WHAT IS NEEDED –
Begin your copy at the line with "America Dolphin Graphic T-Shirt" in the records below and end it at the line with "Barbie by Tiny", restating each line word for word; omit the pictures.

DATA EXTRACT –
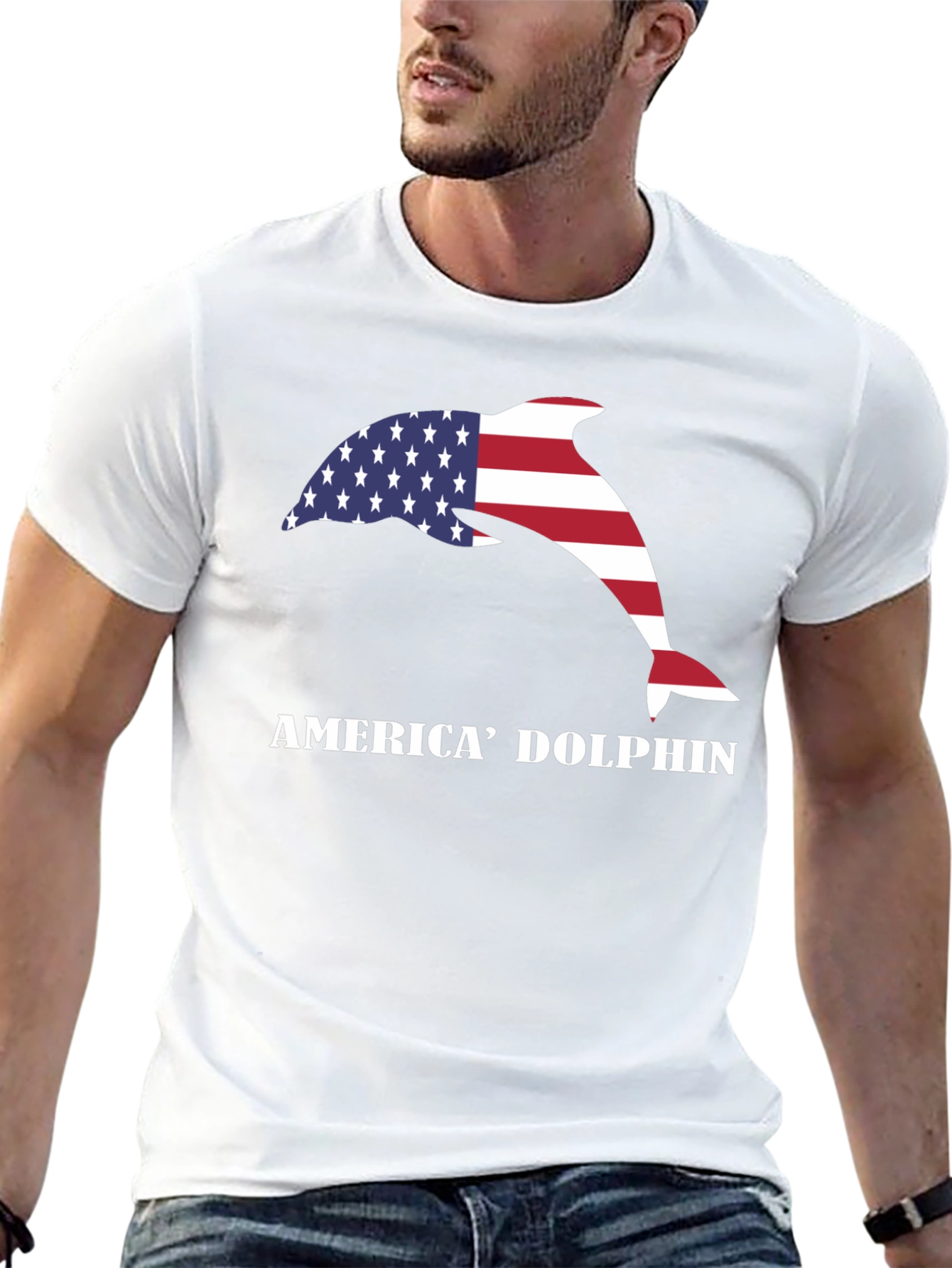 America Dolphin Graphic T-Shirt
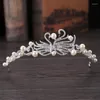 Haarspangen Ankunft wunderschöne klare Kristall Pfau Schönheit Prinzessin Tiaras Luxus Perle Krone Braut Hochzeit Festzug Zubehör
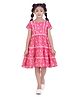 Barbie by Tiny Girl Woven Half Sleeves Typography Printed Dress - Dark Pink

...

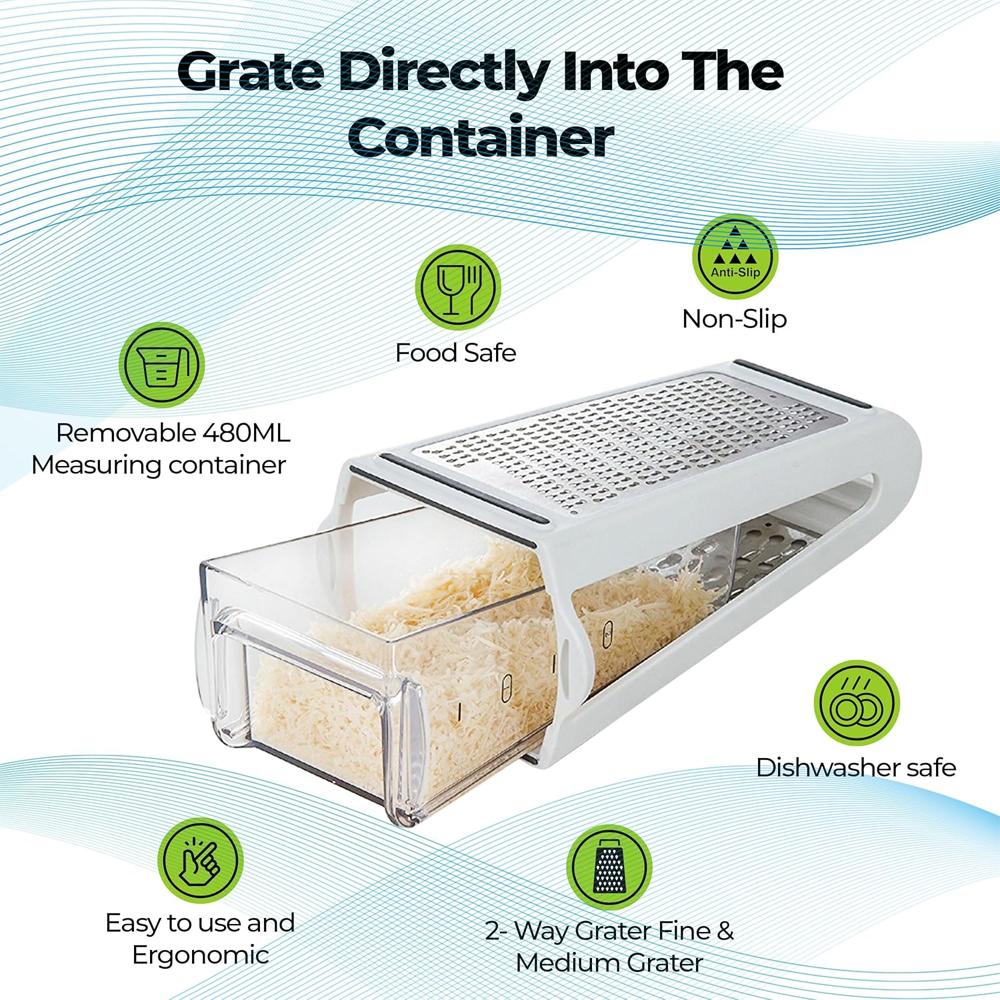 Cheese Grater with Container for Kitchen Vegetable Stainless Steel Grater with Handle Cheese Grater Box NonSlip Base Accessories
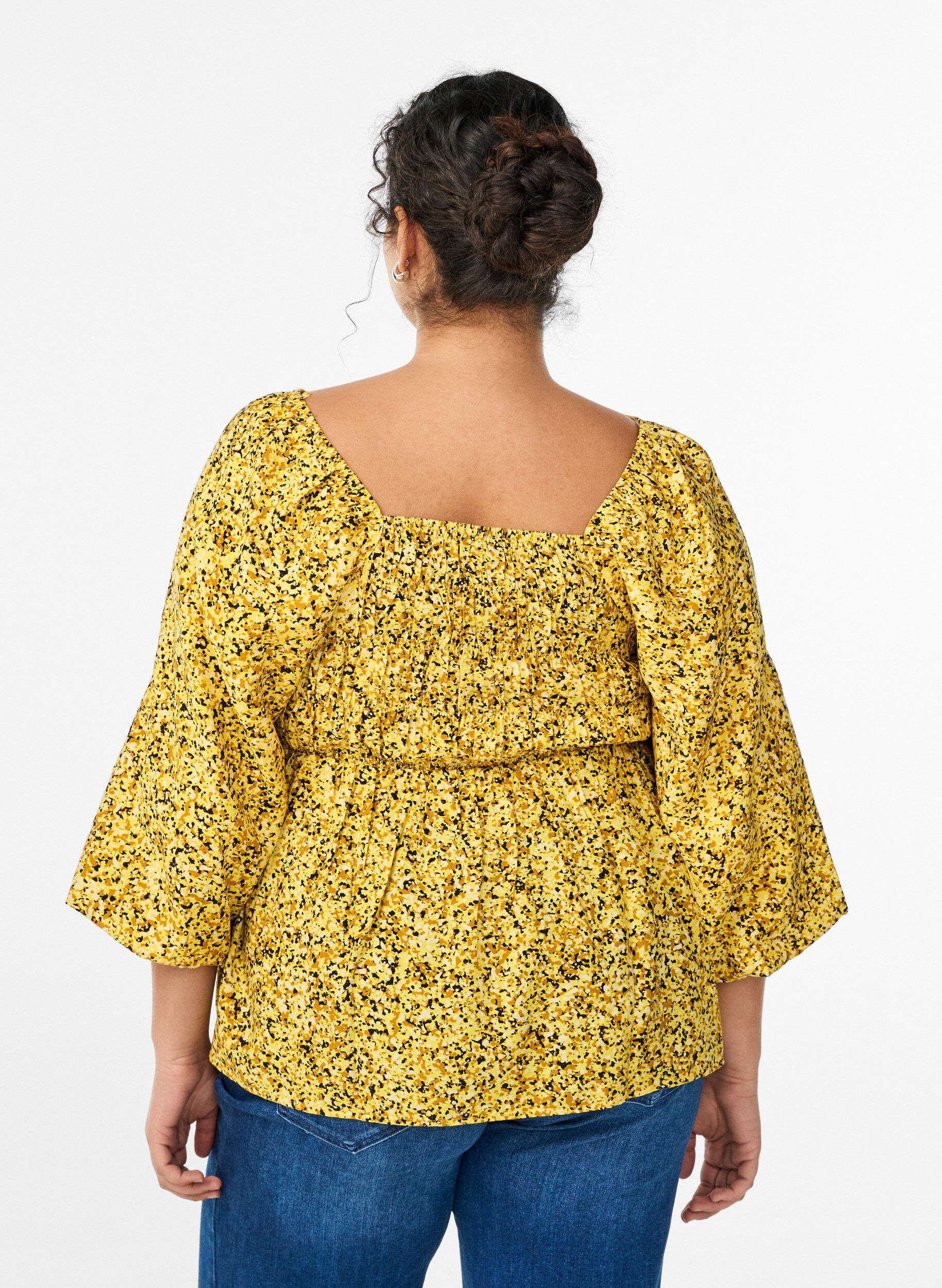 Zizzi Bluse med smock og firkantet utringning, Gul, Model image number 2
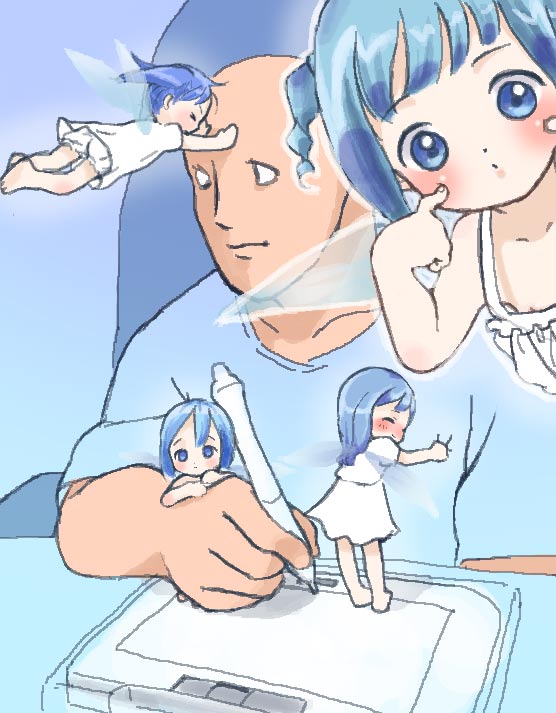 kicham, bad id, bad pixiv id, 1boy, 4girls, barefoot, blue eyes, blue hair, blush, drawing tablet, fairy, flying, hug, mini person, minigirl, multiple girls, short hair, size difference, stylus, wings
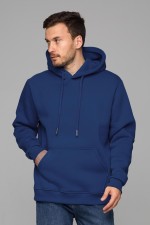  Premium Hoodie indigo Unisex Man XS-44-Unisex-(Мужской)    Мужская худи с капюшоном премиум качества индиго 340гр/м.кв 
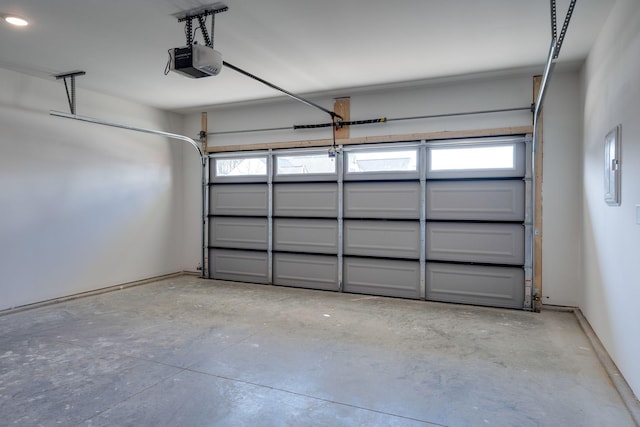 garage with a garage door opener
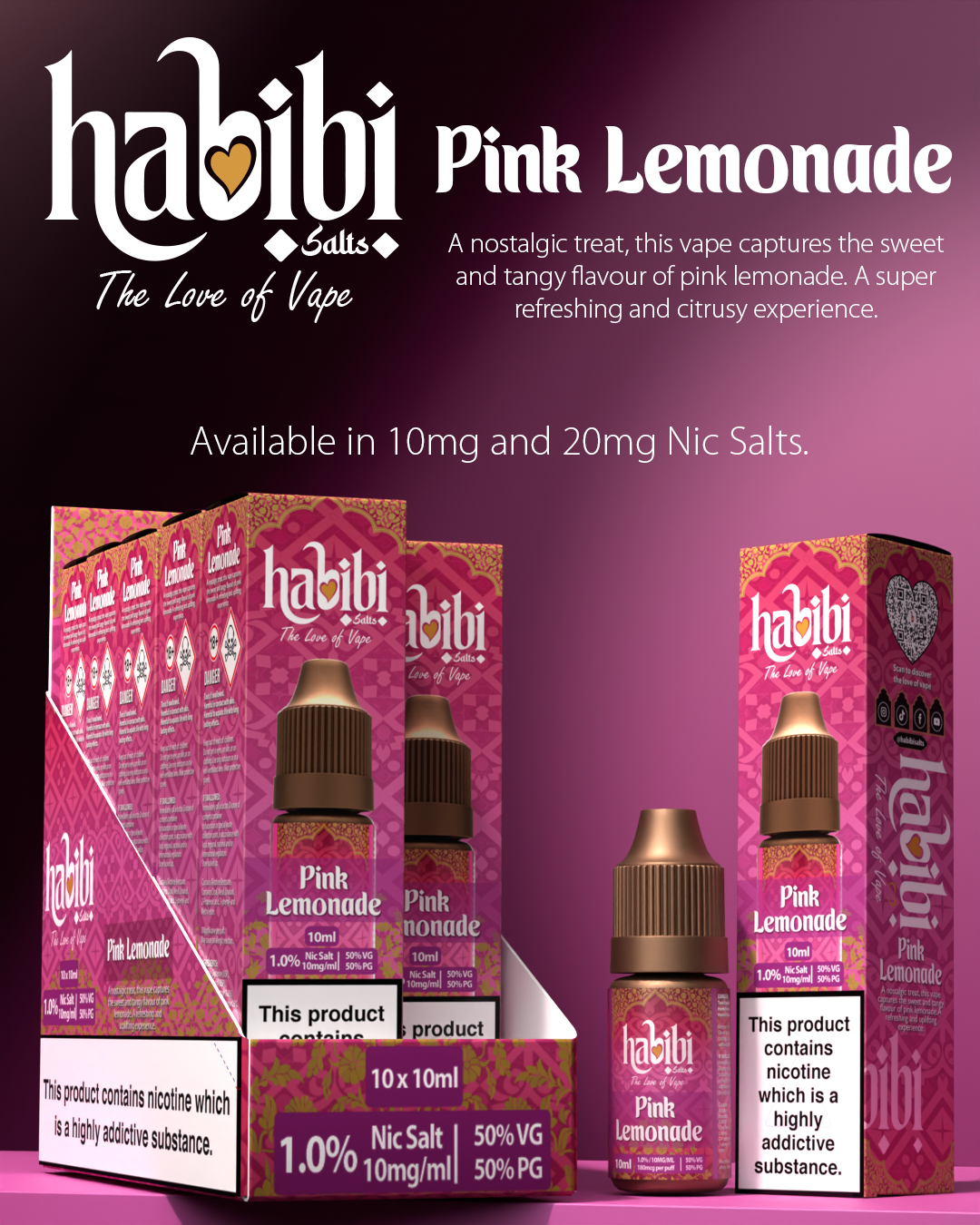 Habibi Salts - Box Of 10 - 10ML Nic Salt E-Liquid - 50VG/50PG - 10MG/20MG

OUTPUT FOR THIS EXERCISE –
 America Dolphin Graphic T-Shirt
 Haarspangen Ankunft wunderschöne klare Kristall Pfau Schönheit Prinzessin Tiaras Luxus Perle Krone Braut Hochzeit Festzug Zubehör
 Barbie by Tiny Girl Woven Half Sleeves Typography Printed Dress - Dark Pink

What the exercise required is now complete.